Documenting the Language

Vance Shipley vances@REDACTED
Tue Mar 4 10:38:57 CET 2003


<grump>
There really does need to be a document which definetivly 
decribes the core langauge.  Now I know there is the 
"Reference Manual" but it is dated February 9, 1999 and is
"DRAFT (0.7)".  It's the Erlang 4.7.3 reference manual and
we're currently on 5.2.  It's also only available as a 
postscript file and I haven't had any luck text searching it.

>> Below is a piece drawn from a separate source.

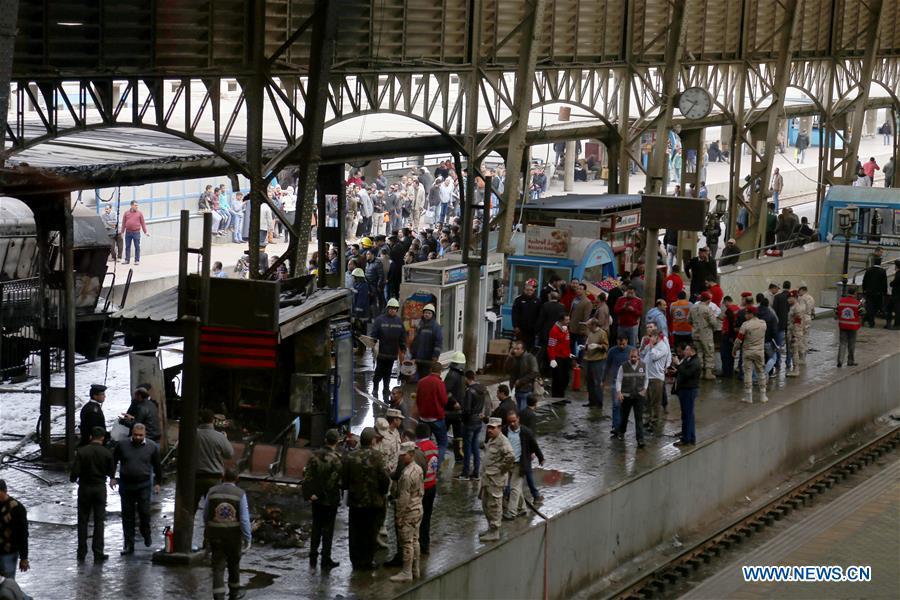 Photo taken on Feb. 27, 2019 shows the train station after a fire in Cairo, Egypt. At least 25 people were killed and more than 40 others wounded when a fire erupted inside the main train station in the city center of Egypt\'s capital Cairo on Wednesday, state-run Nile TV reported. (Xinhua/Ahmed Gomaa)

A case in point is the collection of boolean BIFs:

	is_atom/1, is_constant/1, is_float/1,
	is_integer/1, is_list/1, is_number/1,
	is_pid/1, is_port/1, is_reference/1,
	is_tuple/1, is_binary/1, is_function/1,
	is_record/1

The closest these come to being documented is in the ERTS
User's Guide under Match Specifications in Erlang.  Other than
this they were mentioned in the release notes of the compiler
and there is a passing mention in Erlang Extensions Since 4.4 
under Boolean expressions in guards.

Another issue is in what is allowed in a guard.  I found through
trial and error that is_process_alive/1 is not allowed in a guard 
despite it's encouraging name.  There is a function exported from 
erl_internal, and documented, which tests if a function is valid
in a guard:

     guard_bif(Name, Arity) -> bool()

     Types: 
     Name = atom()
     Arity = integer()

     Returns true if Name/Arity is an Erlang BIF which is allowed
     in guards, otherwise false. 


That was a little hard to find though and it still doesn't give
me a list, it only allows me to test what the compiler will 
complain about later.

When try & cond show up will they only be mentioned in the release
notes?  There has been a lot of talk about promoting Erlang here.
I think having a definitive list of BIFS would be a good start.

I would do it myself but I don't appear to be qualified as I tried
but quickly got lost in categorizing bifs,operators,guards,tests,etc.